Massachusetts released its 2050 Decarbonization Road Map this week, which indicates the state will look to ban the sale of all new gas powered vehicles by 2035.
California was the first U.S. state to announce its intention to ban the sale of internal combustion engine vehicles after governor Gavin Newsom outlined the wide-ranging change during a speech in September. Massachusetts plans to follow California’s lead with the drastic measure and believes it will help facilitate a full transition to EVs by as early as mid-decade.

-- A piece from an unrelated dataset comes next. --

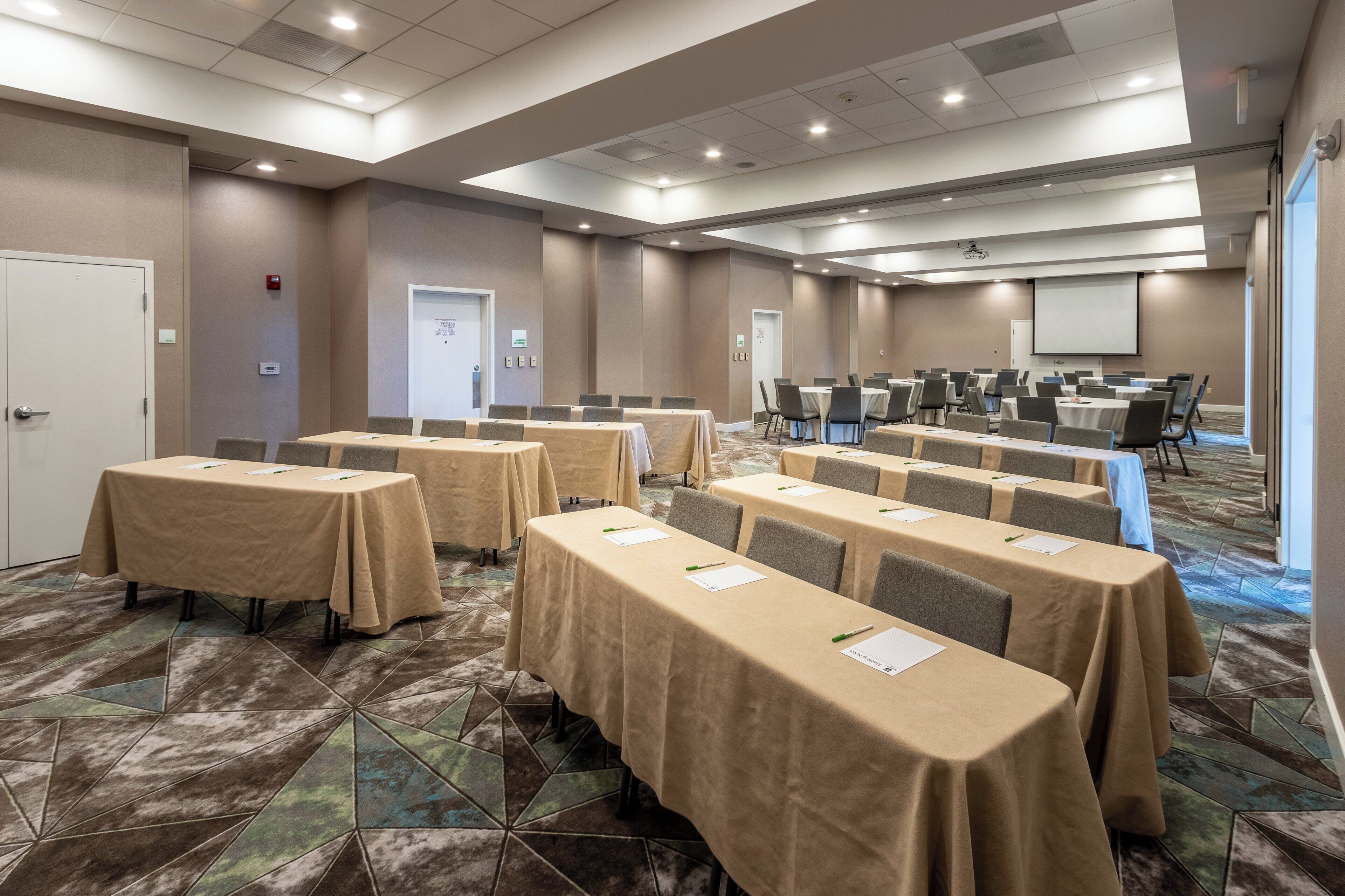 A conference room with multiple tables and chairs, equipped with nameplates and pens, and a projector screen at the front.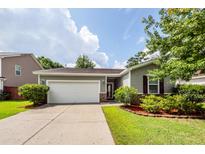 Charming single-story home featuring a two-car garage and beautiful landscaping at 611 Grassy Hill Rd, Summerville, SC 29483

“The State of California is exploring regulatory options similar to those already in place in many European countries that will require 100% zero emissions LDV sales by 2035. When finalized, those California requirements would also apply to vehicles in Massachusetts,” the state’s Decarbonization Road Map document reads. “Given an average lifetime of less than 15 years, implementation of this regulation or a similar federal one in Massachusetts would likely result in a near-complete transition of the light-duty fleet to ZEVs by 2050.”
This lofty goal is still subject to change, it is worth noting. The document also acknowledges that consumer adoption of EVs will hinge on how the technology progresses in the coming years and says policies can and should be adjusted based on EV development. It also recognizes the major price differences that currently exist between gas powered vehicles and EVs.
“Depending on how EV technologies, California and national policies, and local policy priorities evolve, a policy framework to address this transformation should maintain flexibility and serve as a mechanism to ensure the benefits and costs of vehicle electrification are as equitably distributed as possible,” the roadmap says.
New Jersey has put forth a similar goal of eliminating the sale of new gas powered vehicles by 2035, but has not gone so far as to implement a mandate. The Canadian province of Quebec also outlined its intention to ban the sale of gas powered vehicles by 2035 after Newsom’s announcement in September.
Automakers with major investments in electric vehicles will likely welcome these new mandates with open arms. That includes General Motors, which recently committed to spending $20 billion on electric and autonomous vehicle development between now and 2025.